[Dataset entries]
━━━━

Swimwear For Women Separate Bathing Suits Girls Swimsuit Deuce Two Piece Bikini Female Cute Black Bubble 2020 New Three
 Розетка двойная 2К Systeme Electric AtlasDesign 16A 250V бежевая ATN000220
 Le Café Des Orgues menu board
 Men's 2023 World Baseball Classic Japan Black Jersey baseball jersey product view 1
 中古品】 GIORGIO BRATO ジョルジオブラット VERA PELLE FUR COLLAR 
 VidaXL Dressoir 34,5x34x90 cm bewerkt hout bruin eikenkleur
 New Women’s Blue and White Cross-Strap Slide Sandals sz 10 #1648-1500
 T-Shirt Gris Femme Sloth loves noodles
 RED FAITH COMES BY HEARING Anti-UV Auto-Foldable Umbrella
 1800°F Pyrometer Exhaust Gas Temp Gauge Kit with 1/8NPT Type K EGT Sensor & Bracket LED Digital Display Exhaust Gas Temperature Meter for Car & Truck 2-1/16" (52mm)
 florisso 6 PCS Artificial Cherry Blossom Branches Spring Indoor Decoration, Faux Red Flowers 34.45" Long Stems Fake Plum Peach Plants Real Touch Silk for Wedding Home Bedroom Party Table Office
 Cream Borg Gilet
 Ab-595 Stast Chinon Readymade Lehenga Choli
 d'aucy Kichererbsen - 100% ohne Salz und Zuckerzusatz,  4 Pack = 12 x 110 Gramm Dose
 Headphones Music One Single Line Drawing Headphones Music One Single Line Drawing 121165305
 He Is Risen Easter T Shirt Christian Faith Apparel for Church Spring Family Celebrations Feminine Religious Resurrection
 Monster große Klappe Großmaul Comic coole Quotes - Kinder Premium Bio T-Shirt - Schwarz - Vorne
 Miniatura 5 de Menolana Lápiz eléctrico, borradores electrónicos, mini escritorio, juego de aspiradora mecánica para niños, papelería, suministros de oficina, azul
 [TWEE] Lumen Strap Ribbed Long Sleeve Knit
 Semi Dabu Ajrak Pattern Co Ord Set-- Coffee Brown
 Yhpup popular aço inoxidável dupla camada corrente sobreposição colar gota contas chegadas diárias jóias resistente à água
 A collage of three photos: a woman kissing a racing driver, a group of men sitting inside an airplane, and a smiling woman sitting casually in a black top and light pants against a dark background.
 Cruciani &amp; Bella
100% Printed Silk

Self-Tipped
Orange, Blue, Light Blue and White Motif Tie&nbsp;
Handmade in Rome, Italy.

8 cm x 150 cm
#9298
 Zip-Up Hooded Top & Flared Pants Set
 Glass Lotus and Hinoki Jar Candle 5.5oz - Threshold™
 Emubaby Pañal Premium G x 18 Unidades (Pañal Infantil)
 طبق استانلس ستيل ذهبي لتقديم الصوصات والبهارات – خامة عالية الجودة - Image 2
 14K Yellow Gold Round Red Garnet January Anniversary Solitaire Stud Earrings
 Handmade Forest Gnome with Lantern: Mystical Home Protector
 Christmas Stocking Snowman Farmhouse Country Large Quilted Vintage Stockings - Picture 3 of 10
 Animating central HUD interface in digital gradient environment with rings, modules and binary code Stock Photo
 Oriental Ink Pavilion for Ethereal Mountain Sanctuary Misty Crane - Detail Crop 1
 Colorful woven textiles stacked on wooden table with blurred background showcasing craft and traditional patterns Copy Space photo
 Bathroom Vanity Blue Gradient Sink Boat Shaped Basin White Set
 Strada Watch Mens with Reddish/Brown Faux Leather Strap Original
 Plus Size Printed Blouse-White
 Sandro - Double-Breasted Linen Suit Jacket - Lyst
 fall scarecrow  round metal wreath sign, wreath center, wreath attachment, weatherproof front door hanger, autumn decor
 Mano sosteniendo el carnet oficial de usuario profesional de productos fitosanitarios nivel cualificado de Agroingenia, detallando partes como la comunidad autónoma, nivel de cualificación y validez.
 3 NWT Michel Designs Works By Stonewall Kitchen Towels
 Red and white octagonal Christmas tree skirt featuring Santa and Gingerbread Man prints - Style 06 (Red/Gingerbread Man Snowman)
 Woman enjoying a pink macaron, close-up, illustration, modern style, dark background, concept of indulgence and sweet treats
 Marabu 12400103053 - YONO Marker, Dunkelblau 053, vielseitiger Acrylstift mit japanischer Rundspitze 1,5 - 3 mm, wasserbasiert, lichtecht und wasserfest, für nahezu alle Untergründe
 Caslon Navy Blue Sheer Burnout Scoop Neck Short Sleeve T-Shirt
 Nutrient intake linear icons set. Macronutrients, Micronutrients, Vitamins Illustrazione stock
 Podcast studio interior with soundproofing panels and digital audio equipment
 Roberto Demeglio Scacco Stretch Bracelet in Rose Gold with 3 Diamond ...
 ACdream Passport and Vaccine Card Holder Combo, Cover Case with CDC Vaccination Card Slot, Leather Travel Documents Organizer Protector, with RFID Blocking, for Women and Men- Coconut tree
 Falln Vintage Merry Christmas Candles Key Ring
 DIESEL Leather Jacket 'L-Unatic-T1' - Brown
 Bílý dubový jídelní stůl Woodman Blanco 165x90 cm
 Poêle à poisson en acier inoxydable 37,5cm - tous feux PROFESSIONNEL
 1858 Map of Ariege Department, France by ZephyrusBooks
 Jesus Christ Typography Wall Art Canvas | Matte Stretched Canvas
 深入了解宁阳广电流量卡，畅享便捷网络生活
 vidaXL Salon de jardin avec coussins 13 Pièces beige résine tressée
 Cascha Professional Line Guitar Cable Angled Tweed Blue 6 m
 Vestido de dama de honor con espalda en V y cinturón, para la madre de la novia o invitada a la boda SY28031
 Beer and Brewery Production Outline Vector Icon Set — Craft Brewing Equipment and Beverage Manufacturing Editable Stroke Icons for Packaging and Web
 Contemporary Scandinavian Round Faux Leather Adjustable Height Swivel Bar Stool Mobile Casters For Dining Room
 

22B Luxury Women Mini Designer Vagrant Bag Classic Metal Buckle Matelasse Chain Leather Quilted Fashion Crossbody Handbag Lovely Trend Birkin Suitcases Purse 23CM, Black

━━━━

Would you output every record above exactly as it stands?

Swimwear For Women Separate Bathing Suits Girls Swimsuit Deuce Two Piece Bikini Female Cute Black Bubble 2020 New Three
 Розетка двойная 2К Systeme Electric AtlasDesign 16A 250V бежевая ATN000220
 Le Café Des Orgues menu board
 Men's 2023 World Baseball Classic Japan Black Jersey baseball jersey product view 1
 中古品】 GIORGIO BRATO ジョルジオブラット VERA PELLE FUR COLLAR 
 VidaXL Dressoir 34,5x34x90 cm bewerkt hout bruin eikenkleur
 New Women’s Blue and White Cross-Strap Slide Sandals sz 10 #1648-1500
 T-Shirt Gris Femme Sloth loves noodles
 RED FAITH COMES BY HEARING Anti-UV Auto-Foldable Umbrella
 1800°F Pyrometer Exhaust Gas Temp Gauge Kit with 1/8NPT Type K EGT Sensor & Bracket LED Digital Display Exhaust Gas Temperature Meter for Car & Truck 2-1/16" (52mm)
 florisso 6 PCS Artificial Cherry Blossom Branches Spring Indoor Decoration, Faux Red Flowers 34.45" Long Stems Fake Plum Peach Plants Real Touch Silk for Wedding Home Bedroom Party Table Office
 Cream Borg Gilet
 Ab-595 Stast Chinon Readymade Lehenga Choli
 d'aucy Kichererbsen - 100% ohne Salz und Zuckerzusatz,  4 Pack = 12 x 110 Gramm Dose
 Headphones Music One Single Line Drawing Headphones Music One Single Line Drawing 121165305
 He Is Risen Easter T Shirt Christian Faith Apparel for Church Spring Family Celebrations Feminine Religious Resurrection
 Monster große Klappe Großmaul Comic coole Quotes - Kinder Premium Bio T-Shirt - Schwarz - Vorne
 Miniatura 5 de Menolana Lápiz eléctrico, borradores electrónicos, mini escritorio, juego de aspiradora mecánica para niños, papelería, suministros de oficina, azul
 [TWEE] Lumen Strap Ribbed Long Sleeve Knit
 Semi Dabu Ajrak Pattern Co Ord Set-- Coffee Brown
 Yhpup popular aço inoxidável dupla camada corrente sobreposição colar gota contas chegadas diárias jóias resistente à água
 A collage of three photos: a woman kissing a racing driver, a group of men sitting inside an airplane, and a smiling woman sitting casually in a black top and light pants against a dark background.
 Cruciani &amp; Bella
100% Printed Silk

Self-Tipped
Orange, Blue, Light Blue and White Motif Tie&nbsp;
Handmade in Rome, Italy.

8 cm x 150 cm
#9298
 Zip-Up Hooded Top & Flared Pants Set
 Glass Lotus and Hinoki Jar Candle 5.5oz - Threshold™
 Emubaby Pañal Premium G x 18 Unidades (Pañal Infantil)
 طبق استانلس ستيل ذهبي لتقديم الصوصات والبهارات – خامة عالية الجودة - Image 2
 14K Yellow Gold Round Red Garnet January Anniversary Solitaire Stud Earrings
 Handmade Forest Gnome with Lantern: Mystical Home Protector
 Christmas Stocking Snowman Farmhouse Country Large Quilted Vintage Stockings - Picture 3 of 10
 Animating central HUD interface in digital gradient environment with rings, modules and binary code Stock Photo
 Oriental Ink Pavilion for Ethereal Mountain Sanctuary Misty Crane - Detail Crop 1
 Colorful woven textiles stacked on wooden table with blurred background showcasing craft and traditional patterns Copy Space photo
 Bathroom Vanity Blue Gradient Sink Boat Shaped Basin White Set
 Strada Watch Mens with Reddish/Brown Faux Leather Strap Original
 Plus Size Printed Blouse-White
 Sandro - Double-Breasted Linen Suit Jacket - Lyst
 fall scarecrow  round metal wreath sign, wreath center, wreath attachment, weatherproof front door hanger, autumn decor
 Mano sosteniendo el carnet oficial de usuario profesional de productos fitosanitarios nivel cualificado de Agroingenia, detallando partes como la comunidad autónoma, nivel de cualificación y validez.
 3 NWT Michel Designs Works By Stonewall Kitchen Towels
 Red and white octagonal Christmas tree skirt featuring Santa and Gingerbread Man prints - Style 06 (Red/Gingerbread Man Snowman)
 Woman enjoying a pink macaron, close-up, illustration, modern style, dark background, concept of indulgence and sweet treats
 Marabu 12400103053 - YONO Marker, Dunkelblau 053, vielseitiger Acrylstift mit japanischer Rundspitze 1,5 - 3 mm, wasserbasiert, lichtecht und wasserfest, für nahezu alle Untergründe
 Caslon Navy Blue Sheer Burnout Scoop Neck Short Sleeve T-Shirt
 Nutrient intake linear icons set. Macronutrients, Micronutrients, Vitamins Illustrazione stock
 Podcast studio interior with soundproofing panels and digital audio equipment
 Roberto Demeglio Scacco Stretch Bracelet in Rose Gold with 3 Diamond ...
 ACdream Passport and Vaccine Card Holder Combo, Cover Case with CDC Vaccination Card Slot, Leather Travel Documents Organizer Protector, with RFID Blocking, for Women and Men- Coconut tree
 Falln Vintage Merry Christmas Candles Key Ring
 DIESEL Leather Jacket 'L-Unatic-T1' - Brown
 Bílý dubový jídelní stůl Woodman Blanco 165x90 cm
 Poêle à poisson en acier inoxydable 37,5cm - tous feux PROFESSIONNEL
 1858 Map of Ariege Department, France by ZephyrusBooks
 Jesus Christ Typography Wall Art Canvas | Matte Stretched Canvas
 深入了解宁阳广电流量卡，畅享便捷网络生活
 vidaXL Salon de jardin avec coussins 13 Pièces beige résine tressée
 Cascha Professional Line Guitar Cable Angled Tweed Blue 6 m
 Vestido de dama de honor con espalda en V y cinturón, para la madre de la novia o invitada a la boda SY28031
 Beer and Brewery Production Outline Vector Icon Set — Craft Brewing Equipment and Beverage Manufacturing Editable Stroke Icons for Packaging and Web
 Contemporary Scandinavian Round Faux Leather Adjustable Height Swivel Bar Stool Mobile Casters For Dining Room
 

22B Luxury Women Mini Designer Vagrant Bag Classic Metal Buckle Matelasse Chain Leather Quilted Fashion Crossbody Handbag Lovely Trend Birkin Suitcases Purse 23CM, Black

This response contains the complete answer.